Last week, in a meeting with a customer, I was introduced as a "community guru". Although flattered, of course, the label didn't feel right to me at all. I told them that instead I consider myself more like one-eyed in the land of the blind... I kept thinking about what exactly was bugging me about the label. Here are some of my musings. I would be happy to learn what you think.
Gurus are dangerous. The term guru implies somebody who is leading the way, followed by followers. It is nice to have a guru, because it means somebody else is doing the hard thinking work for you and you can hide behind that person's authority and visibility. This may be great for religious cults, since there it's totally up to the eye of the beholder which arbitrary person to put one's faith in. It doesn't make any sense at all for communities, however.

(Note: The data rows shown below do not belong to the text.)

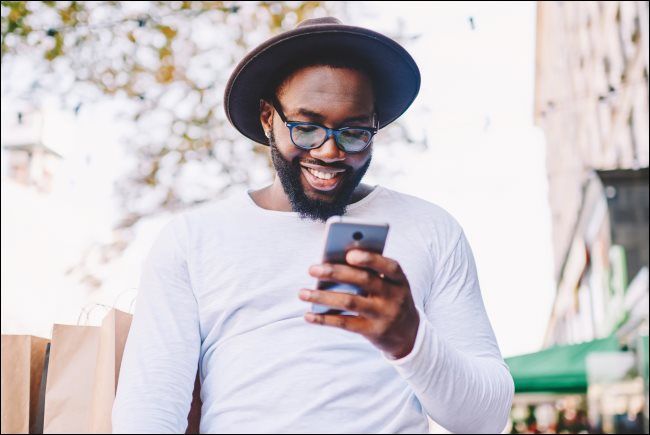 A person smiling while looking at a smartphone.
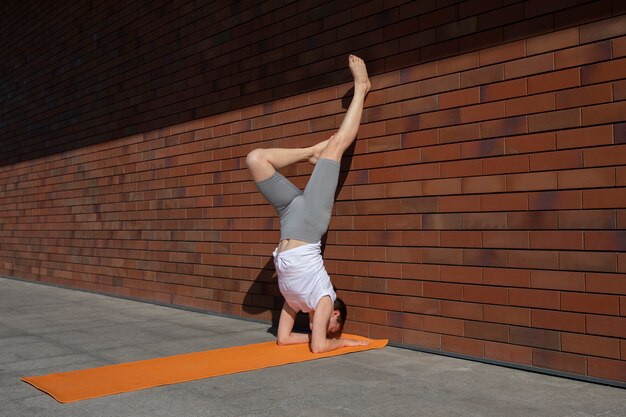 Full shot woman doing yoga with wall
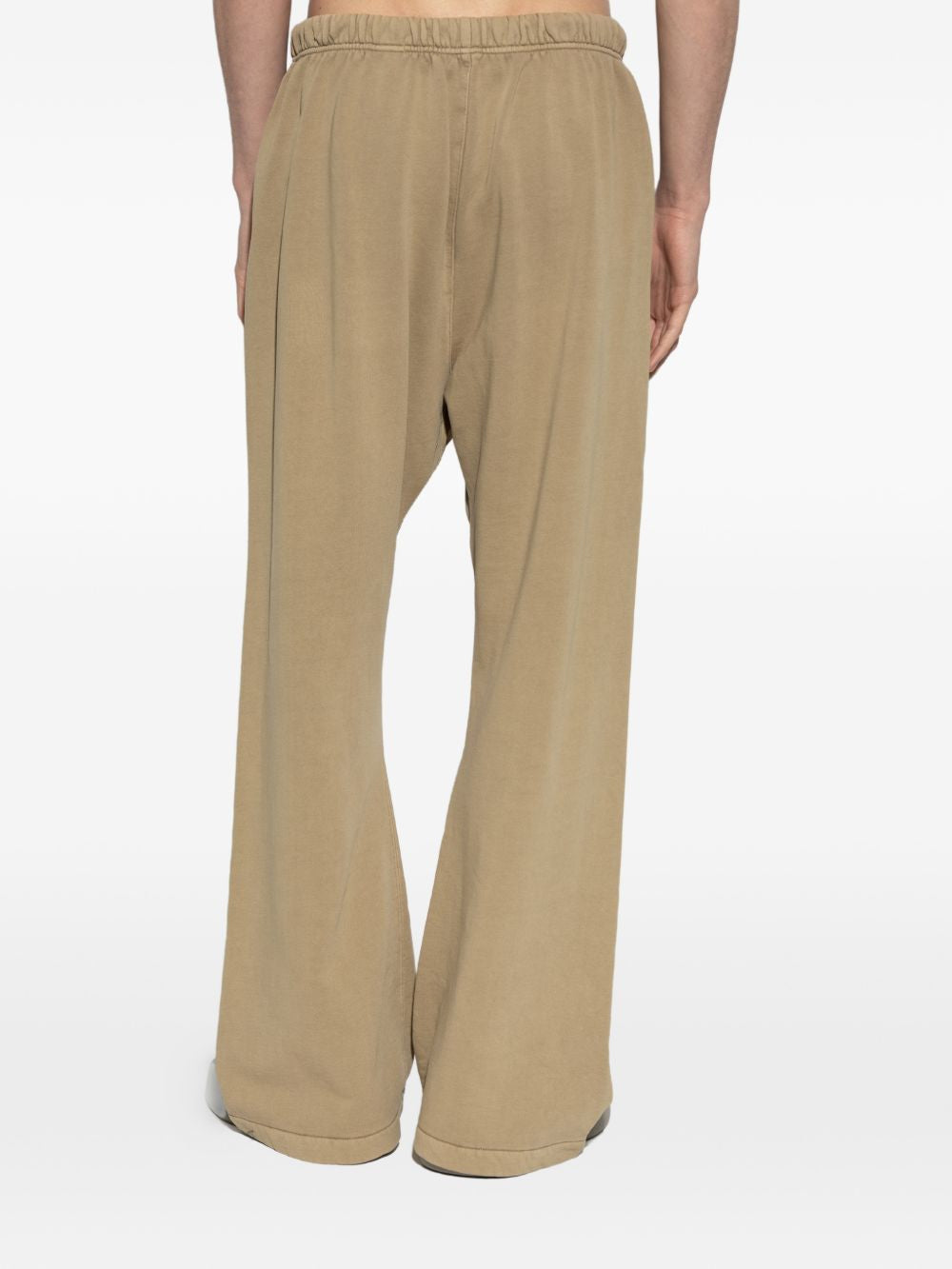 Tan pants worn by a person, showing the pants' fit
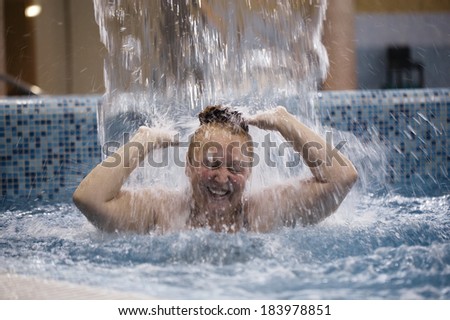 Overweight middle-aged woman playing under a water fountain splashing into a swimming pool as she stands chest deep in water laughing as the cascade pours over her head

Communities cannot be designed, predicted, or owned. Communities are unruly, living beasts, with very much a will and soul of their own. Each community is unique. No matter how hard we try to inspect, frame and classify them, they always escape capture. Each individual community has its own norms and values, practices, energy, and sense. The motley crew of community members themselves best know the essence of the community and the unpredicatable characteristics and quircks of their peers. Only they really know what could possibly work and what not.
Outside "experts" have only a very modest role to play. At the very best, they can give some heuristics and guidelines, share some lessons learnt about what happened in other communities and give some hypotheses about why it happened that particular way. It is up to the community to decide what does make sense in its own case. It is the community members who should speak, the outsider who should listen. Not the other way around. The community itself is the guru.